Some of the most popular games nowadays have a small army of developers, designers, artists and technicians working to create meticulously designed and fastidiously beautiful works. They're then mass-produced and shipped out in physical format and, as becoming more increasingly common nowadays, sold via online marketplaces. Although games nowadays are more technically proficient and articulate, they're less and less rare.
In the '80s and '90s, gaming studios rose up and folded at the drop of a hat and physical copies of games were only ever put into production when it was absolutely certain that the games were going to sell. In 1983, Atari buried 700,000 cartridges in a landfill in New Mexico due to over-production and falling sales. The lesson was learned by the industry the hard way - never put a game into mass-production unless it's going to sell.
That's why there's an underground industry of rare videogames nowadays, and one game that's rarer than most is Stadium Events for the NES. The game was originally designed by a Japanese studio called Human Entertainment, who have since become defunct. The game was simple enough and came with a floor-pad controller that sort of looked like a Twister mat. The idea was that the players ran in place on the mat with the signals from the mat going to the game. Like most peripherals for the NES, it was reportedly prone to malfunctions and glitches on a regular basis.
The game was first released in Japan in 1986 and was set for release in 1987 in North America. Back then, the standard minimum initial run for a videogame on the NES platform was around 10,000. In other words, out of hand, 10,000 cartridges would be made and put into the retail marketplace. Because Stadium Events was developed and published by two Japanese companies - Human Entertainment and Bandai, respectively - the rules were different.

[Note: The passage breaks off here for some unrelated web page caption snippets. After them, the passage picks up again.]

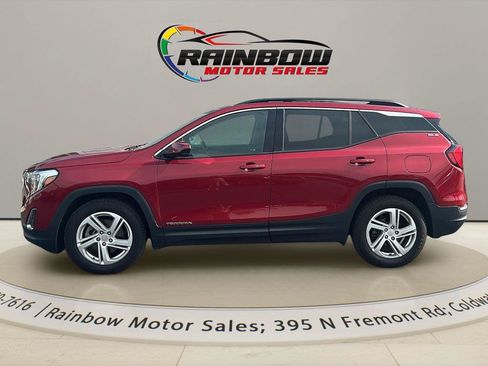 Used 2019 GMC Terrain SLE w/ Driver Convenience Package FWD image 4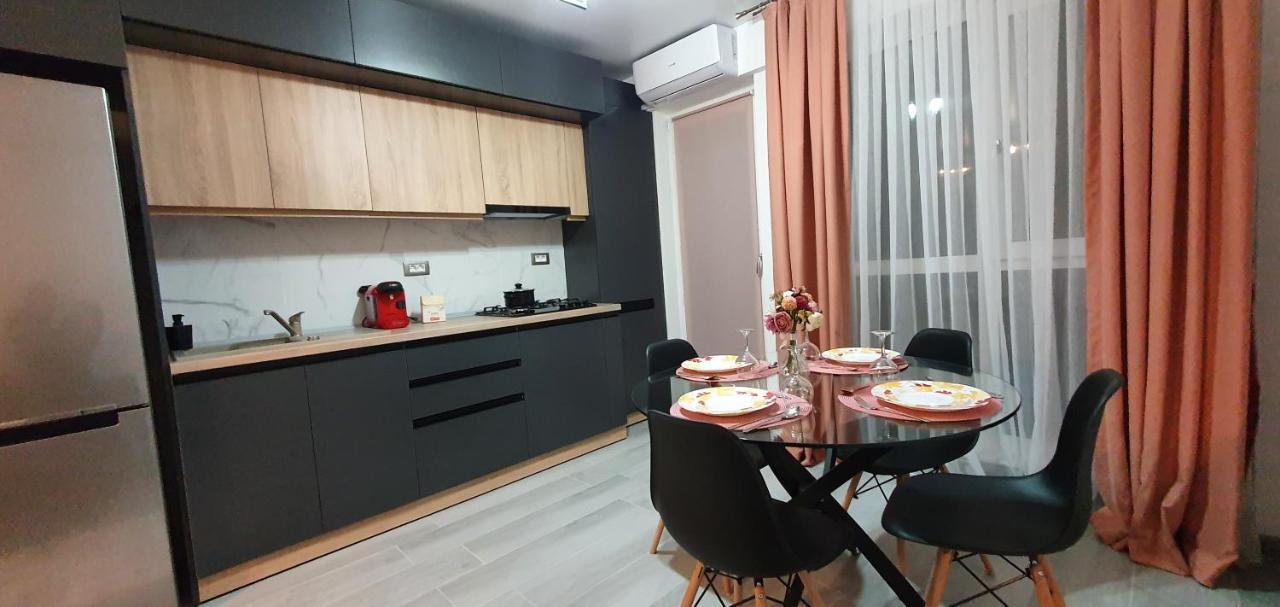 Helin Apartament By Alezzi N10 Năvodari Exterior foto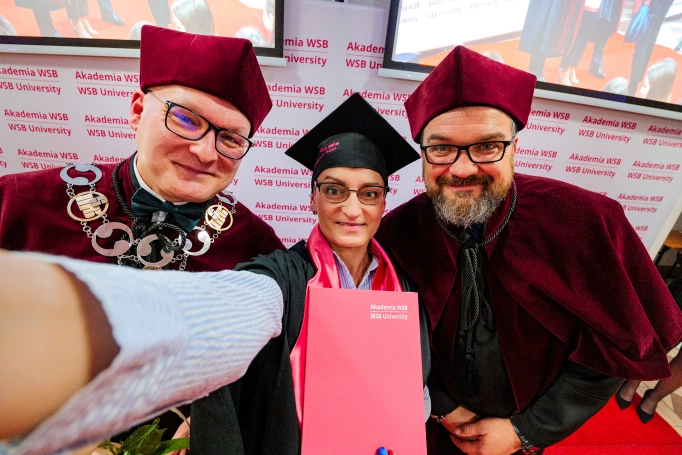 Zdjęcie nr 29 z galerii Gala studi&oacute;w I stopnia w Dąbrowie G&oacute;rniczej 26.03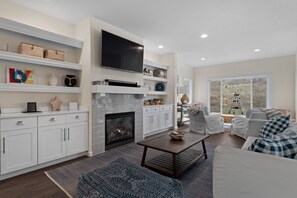 TV, fireplace, books, stereo - Manson Lakefront Home near Lake Chelan w/ Dock (Manson)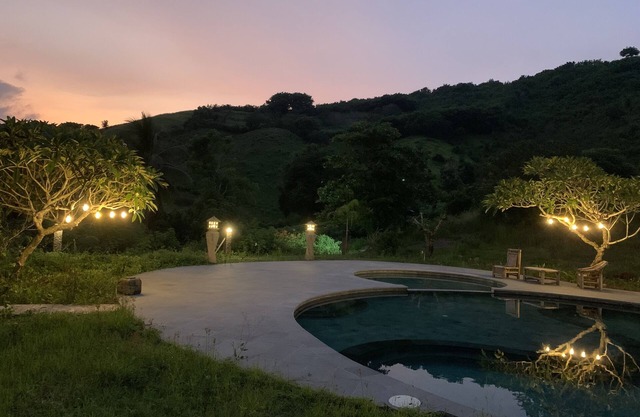 Spacious Family Villa with en-suite bedrooms aircon and freshwater swimming pool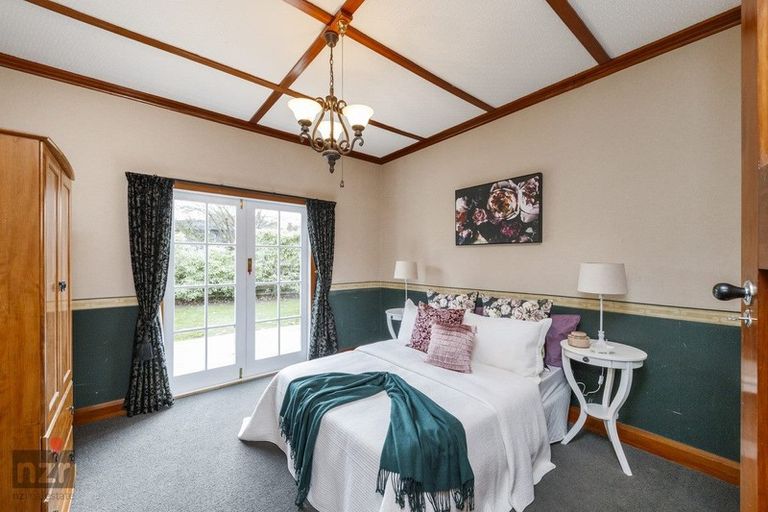 Photo of property in 16 Pirinoa Street, Feilding, 4702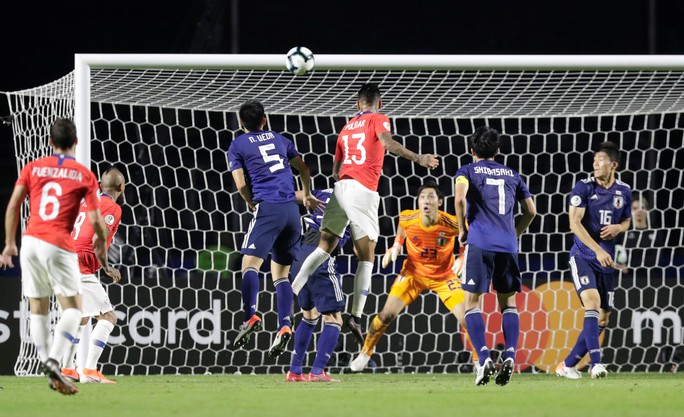 Vargas lập siêu phẩm bàn thắng, Chile đè bẹp Nhật Bản - Ảnh 3.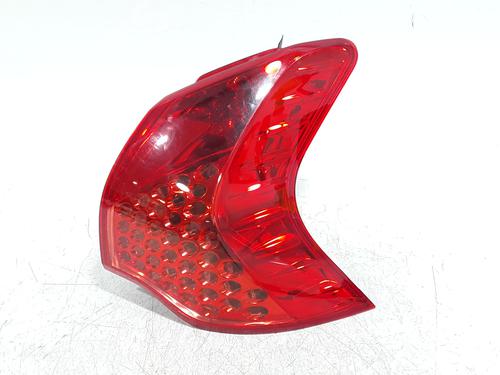 Used Right taillight Right taillight 33458678 33458678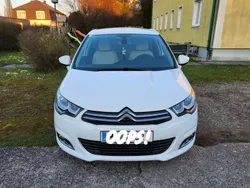Weiß Gebraucht 2015 Citroën C4 PureTech Limousine | € 6.700 (Guter Preis)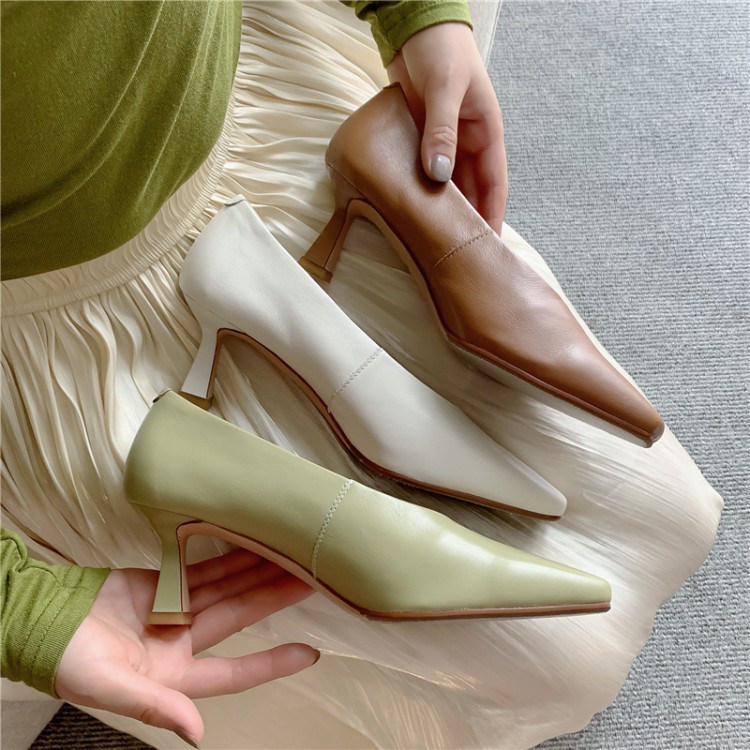 茜漫 巨软奶奶鞋~小众设计法式方头浅口v口细高跟鞋真皮简约单鞋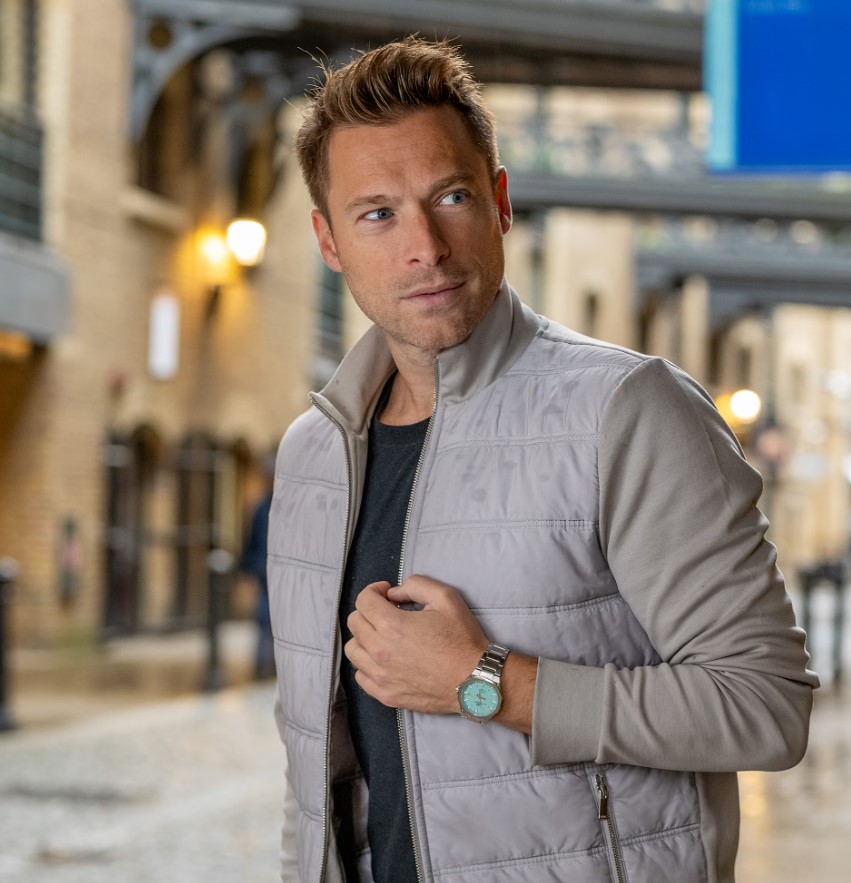 Buy Casio Edifice EFR-S108D-2B Spphire Tiffany Watch for Men at Best Price In Bangladesh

An estimated 200 were made before Nintendo of America decided to recall the game and rebrand it as World Class Track Meet. Other figures say that only 10 copies of the game exist and that the rest are hidden in a storage unit somewhere, never to be seen or heard from again. The PAL / European version of the game wasn't recalled, but still fetch a reasonably high price for collectors and usually fetch upwards of $800 to $3,500, depending on their condition.
The original imagery used for the eBay listing
In 2010, a sealed copy of the North American version of Stadium Events sold for $41,300 in an eBay auction. What made this one so special, you might ask? It was factory-sealed and had never been opened. During the bidding process, some offers hit up to $80,000 but were eventually withdrawn over insincerity. It was speculated, although never confirmed, that only two factory-sealed copies of the game exist in the world - one of which was sitting in a basement in Kansas and was about to be donated to charity.
The seller, known only as Dave, admitted that the game had been sitting inside his collection, after paying $29.99 for it. The game was supposed to be returned when it was originally purchased as it didn't come with the floor-pad controller in order for the game to be playable. Analysts and experts have since been speculated that Dave bought the game in late 1987, just as it was about to be recalled - which explains why it was sold to him without a floor-pad mat. Nobody knows who the game was sold to and it hasn't come up in auction since in the seven years since it was sold.
The game itself is nothing terribly special or exciting, and didn't feature anything particularly groundbreaking in terms of the technology used. In fact, the game sold wasn't even tested for quality and is unplayable without the floor-pad controller.
Yet, in spite of all this, someone parted with $41,300 for a game that nobody played and will never be played.